Unterabschnitt 6700 Straßenbeleuchtung: Die Straßenbeleuchtung für die Erweiterung Baugebiet Tropfwiesle ist im Vermögensplan noch nicht berücksichtigt. Bezüglich LED-Beleuchtung ist man in Gesprächen mit der Badenova und ENBW in Form eines Contractings.
Einzelplan 7
Unterabschnitt 7500 Bestattungswesen: Hier sind 40.000 Euro für Geländer angesetzt, dies sollte sich der Technische Ausschuss anschauen. Zudem ist zu untersuchen, ob die Friedhofspflege (Grünpflege) nicht durch einen Fremdunternehmer gemacht werden kann.
Einzelplan 8
Unterabschnitt 8600 Kurbetrieb allgemein: Es wird untersucht, welche Grünpflegemaßnahmen künftig für notwendig erachtet werden. Es ist zu prüfen , inwieweit die notwendigen Maßnahmen fremd vergeben werden können. Das Gutachten für den Luftkurort soll gestrichen werden. Die Verwaltung soll einen Grünpflegeplan erstellen und diesen im Technischen Ausschuss vorstellen. Hiervor sollen die Ortschaftsräte damit befasst werden. Die Gärtnerstelle soll gestrichen werden.

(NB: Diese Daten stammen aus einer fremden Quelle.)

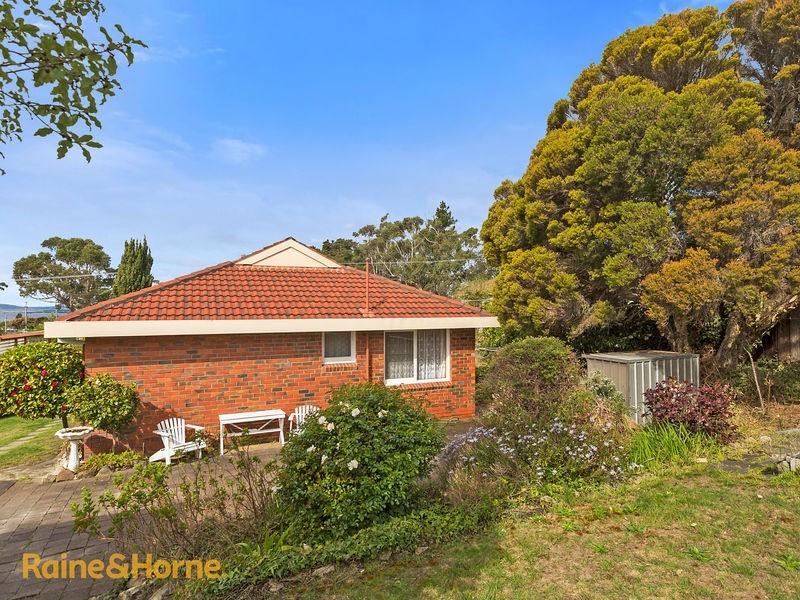 87 Roslyn Avenue, Kingston Beach TAS 7050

Unterabschnitt 8605 Haus des Gastes: Der Belegungsplan des Haus des Gastes wird vorgelegt. Es soll ein Vergleich zwischen Eigenreinigung und Fremdreinigung gemacht werden. Das Haus des Gastes wird noch in einem separaten Punkt besprochen.
Vermögenshaushalt
Einzelplan 4
Unterabschnitt 4642 Kindergarten Römlinsdorf, 4644 Kindergarten Reutin, 4645 Kindergarten Rötenbach und 4646 Georg-A.-Brenner-Kindergarten: Es wird ein IT-Konzept gewünscht. Wo wurde geleast, wo gekauft. Der Betrag soll jeweils auf 750 Euro gedeckelt werden.
 
5.  Bekanntgaben und Verschiedenes
Bei der letzten Sitzung kam die Frage auf, wie lange die Räumlichkeiten des Bürgerbüros angemietet sind. Bürgermeister Ullrich erklärt, dass der Vertrag bis Ende 2019 läuft.

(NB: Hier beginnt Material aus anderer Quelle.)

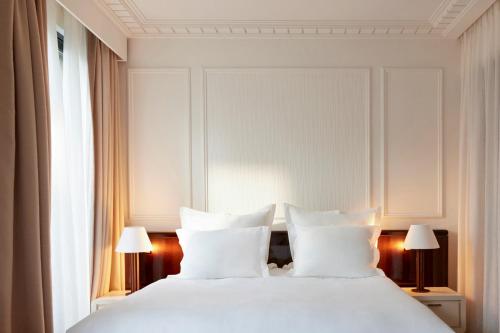 Habitación Doble Deluxe - 1 o 2 camas del hotel Maison Delano Paris. Foto 2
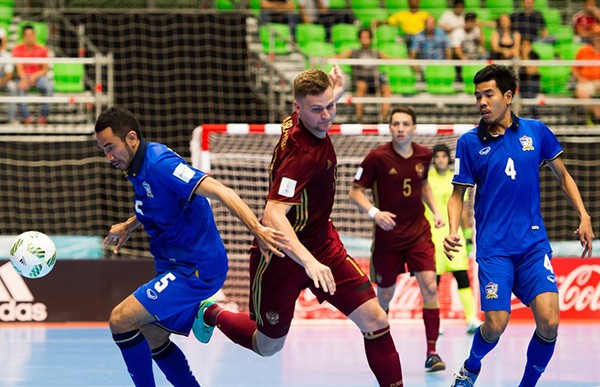 Thua đậm Nga, tuyển Việt Nam chia tay Futsal World Cup ảnh 4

Der Beitrittsbeschluss zur Förderation Cluny wurde am 06.07.2010 durch den Verwaltungs- und Finanzausschuss beschlossen.
Bürgermeister Ullrich steht in Kontakt mit dem Kultusministerium, Herrn Dr. Schüli, um zu prüfen inwieweit eine Außenstelle in Schiltach realisierbar ist. Die Bürgermeister Haas und Schenk wollen dies vorab geprüft haben.